If your SWG/SASE terminates and re-signs TLS, the CLI and AI Watch agent must trust the corporate root CA used by the inspection appliance:
  • This is honored automatically through the OS trust store (macOS Keychain, Windows certificate stores, Linux CA bundle) when the root is installed system-wide.
  • If it is not system-wide, use the --ca-bundle flag or the RUNLAYER_CA_BUNDLE / SSL_CERT_FILE / REQUESTS_CA_BUNDLE environment overrides. See AI Watch Troubleshooting and the TLS-inspected-network note in MCP Troubleshooting.
  • For self-hosted backends whose own outbound HTTPS passes through an enterprise proxy with a private CA, mount the CA per the Helm — custom trusted CA bundle guide.

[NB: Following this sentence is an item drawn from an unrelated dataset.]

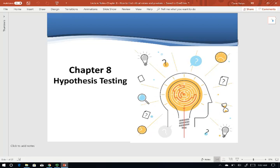Hi everyone. In this video, I will show you how to use the Z-table and T-table to find critical values and P-values.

Coexistence with VPN / SASE

Runlayer runs alongside Zscaler, Netskope, Cloudflare WARP, Palo Alto Prisma, and similar tools without competing for the network path — it operates at the application layer, installs no OS-level proxy or VPN, and does not change system proxy settings or split-tunnel rules. See the detailed answer in the AI Watch FAQ.

Self-hosted: inbound allowlisting

The allowlist above is outbound from devices. To restrict which source IPs may reach a self-hosted deployment (WAF IP allowlisting on ECS, or security-group restrictions on the load balancer / EKS), and for VPC peering / Transit Gateway to reach internal MCP servers, see Networking → IP Allowlisting and the Terraform deployment guide.

Troubleshooting egress

If a user’s activity never reaches Runlayer — for example no audit-log entries for that user/time — a firewall or SWG blocking egress to your Runlayer host is a common cause. Confirm the applicable hostnames above are allowlisted, then re-check. See the diagnostic decision tree in MCP Troubleshooting.